Re: Proposed HTTP SEARCH method update - SEARCH is to GET what PATCH is to PUT from henry.story@bblfish.net on 2015-04-27 (ietf-http-wg@w3.org from April to June 2015)

From: <henry.story@bblfish.net>
Date: Mon, 27 Apr 2015 10:52:01 +0200
To: Julian Reschke <julian.reschke@gmx.de>
Cc: ashok malhotra <ashok.malhotra@oracle.com>, Mark Nottingham <mnot@mnot.net>, James M Snell <jasnell@gmail.com>, ietf-http-wg@w3.org
Message-Id: <D944EB33-F5C1-4137-8DD1-9B29E79DE008@bblfish.net>
> On 27 Apr 2015, at 08:59, Julian Reschke <julian.reschke@gmx.de> wrote:
> 
> On 2015-04-27 07:36, henry.story@bblfish.net wrote:
>> ...
>> It would help if you explained how you disagree with the arguments put forward.
>> Let's try the Socratic method then:
>> 
>> (1) Do you agree that SEARCH is (should be) a method that is applied to the resource on which the request is made?
> 
> Depends on the definition of "applied". You might want to read <http://greenbytes.de/tech/webdav/rfc5323.html#rfc.section.2.2.1>.
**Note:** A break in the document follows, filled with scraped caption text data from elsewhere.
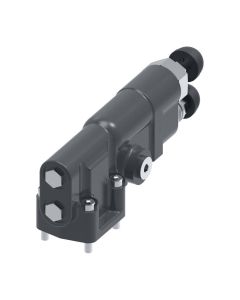 DANFOSS / EATON-REP KIT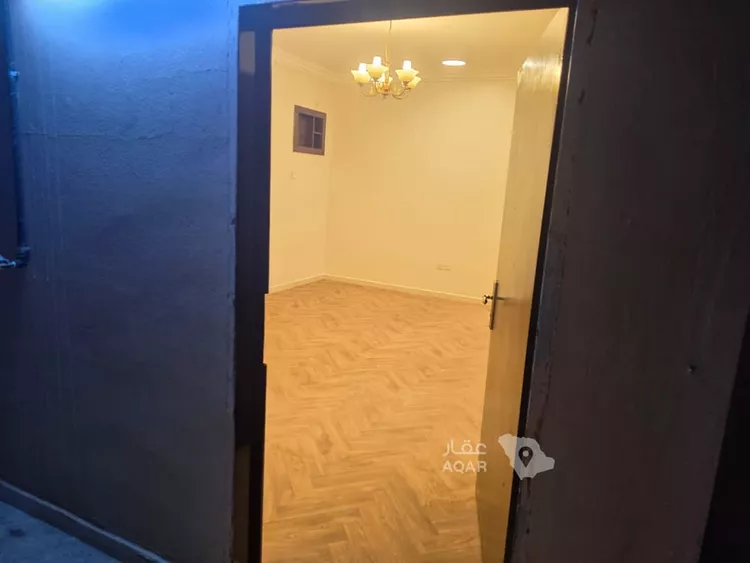 شقة للإيجار في شارع نجران, حي ظهرة لبن, مدينة الرياض, منطقة الرياض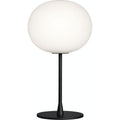 Thumbnail photo of Glo-ball T1 Table Lamp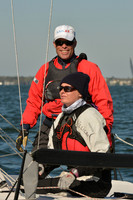 2015 St Pete NOOD A 090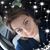 Anna Freed's profile image
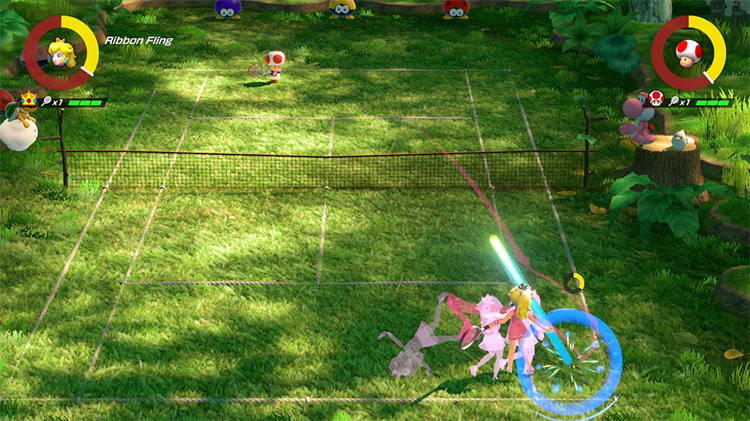 2_2_mta_tour_gameplay_2.jpg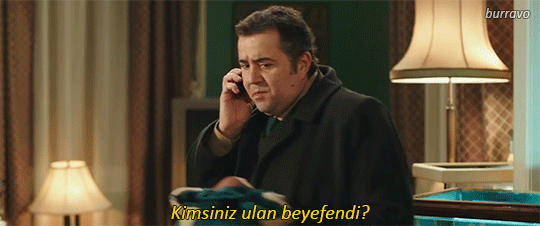 Bu Hataya Düşme! Aldatan Birini Affetmemeniz İçin 5 Sebep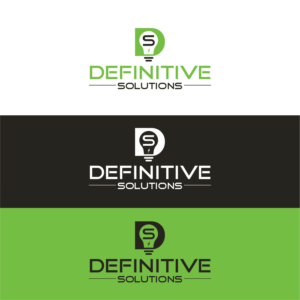 Diseño de Logo por Maxo-Biz para este proyecto | Diseño: #26267634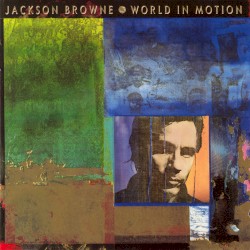 World in Motion
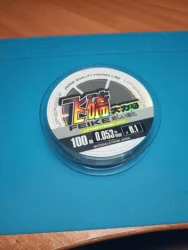 Imagen de reseña 1
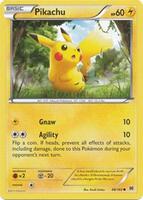 ピカチュウ tmr Eeveelution CHR Set 188-193/184 S8b VMAX Climax - Pokemon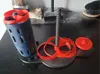 0.16mm layer, 3 walls, 13% infill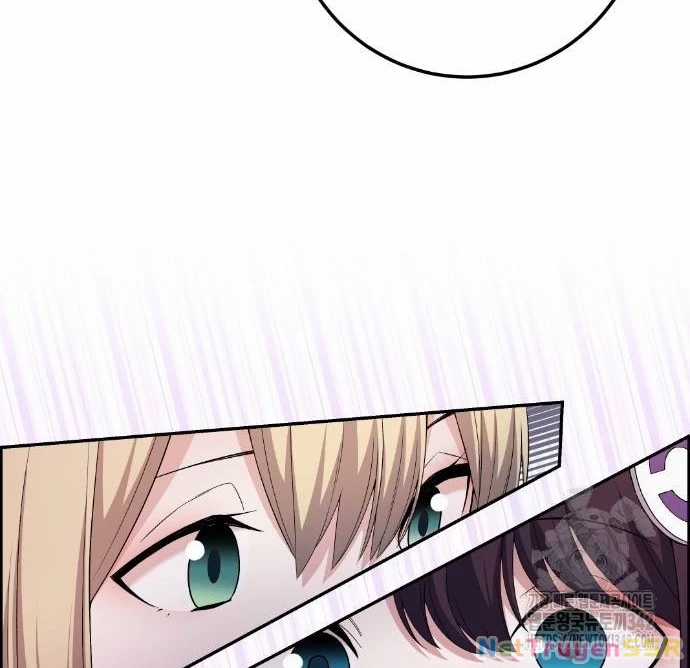 Nhân Vật Webtoon Na Kang Lim Chapter 170 trang 86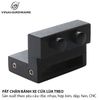 Pat ( Bas) chặn atimon, sơn ED Vinahardware - 1608.3.34801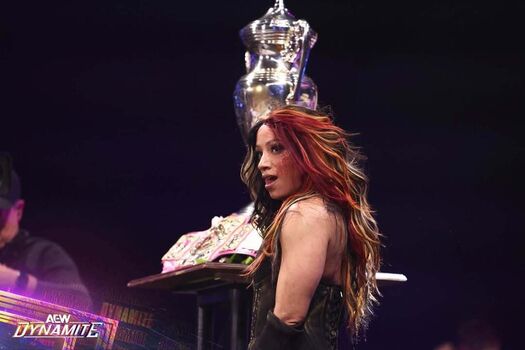 Sasha banks page leaked private photo uncensored HD quality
I suppose I don't find that notion of "search arbiter" very satisfying in WebDAV. It is defined just as "A resource that supports the SEARCH method". My feeling is that by specifying SEARCH more generally in its own RFC we could do a lot better than this, and have something that ties in more coherently with the other methods. This is why I'd like to strengthen the following parallel: SEARCH is to GET what PATCH is to PUT. If we can get this to work then we build on very well understood intutions of GET and PUT, which are at the core of the Web, in a clearly RESTful manner.

Let us assume we do find a way to place SEARCH on more solid foundations like this. We'd still need to see if we can satisfy the intutions that WebDAV was trying to get at, but now in a RESTful manner. So I'll try to do both of these below.

WebDAV seems to be saying smething like this: an arbiter is an agent that can make requests on a number of other resources and respond to requests about them. This seem to define a resource that is dangerously close to a remote procedure call - it has a SOAPy feeling to it. Can we do this in a more declarative fashion?

I think so. We just need to notice that a resource - be it as simple as a 1993 web page - could make statements (true or false) about other resources. Most web pages do this. A trivial example but somehow exceedingly widely used one, are the set of web pages that point to other web pages with statements that they contain a funny cat picture. In more formal logical terms we can have belief statements that state what others believe eg: statements of the form S believes that P, S knows that P, S wishes that P, etc... This is knows as belief contexts and the more general notion has been described for exammple by Ramanathan V. Guha [1] - now VP of engineering at Google -  in his thesis "Contexts, a Formalisation and some Applications". Why do I mention this? Because once we see that a resources state may contain statements about other resources as shown by the representation returned on doing a GET on that resource,  then we can think declaratively about the SEARCH method, as giving a partial representation of the state of that resource, which may contain partial representation about other resources. And so we should not need this notion of a "search arbiter" anymore.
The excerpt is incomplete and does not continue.